─── DATA SEGMENT ───

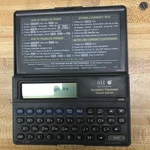 Seiko Sii European Translator Deluxe Edition TR3000 TR-3000 Ger Spa Fre Ita. Fixed Price $15.00.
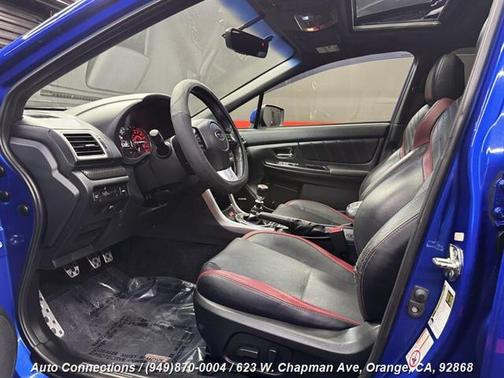 2017 Subaru WRX STI Limited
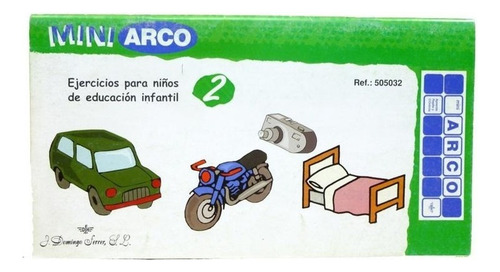 505032 Cuaderno Trabajo Ejercicios Para Niños 2 Arco Eduke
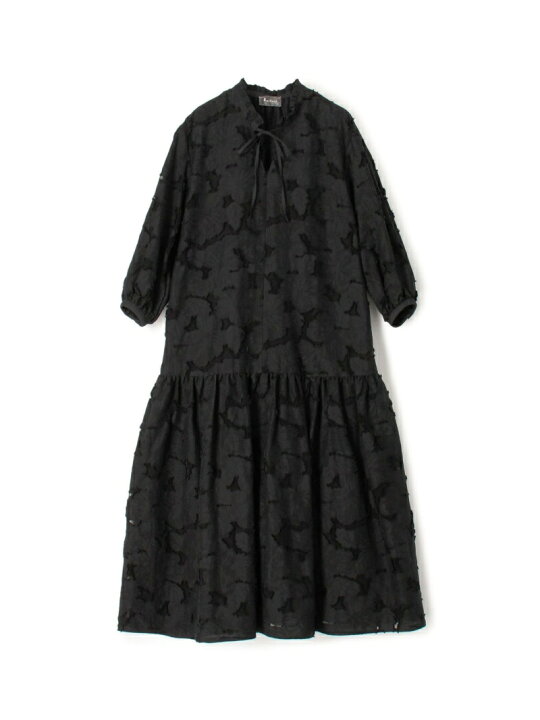 楽天市場】【SALE／40%OFF】ブルームカットジャカード フリルネック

───

### WORK ITEM:
This task calls for the lines from the line holding "2017 Subaru WRX STI Limited" through the last line above, restated word for word with both ends included and the pictures dropped.

### SOLVED PROBLEM:
 2017 Subaru WRX STI Limited
 505032 Cuaderno Trabajo Ejercicios Para Niños 2 Arco Eduke
 楽天市場】【SALE／40%OFF】ブルームカットジャカード フリルネック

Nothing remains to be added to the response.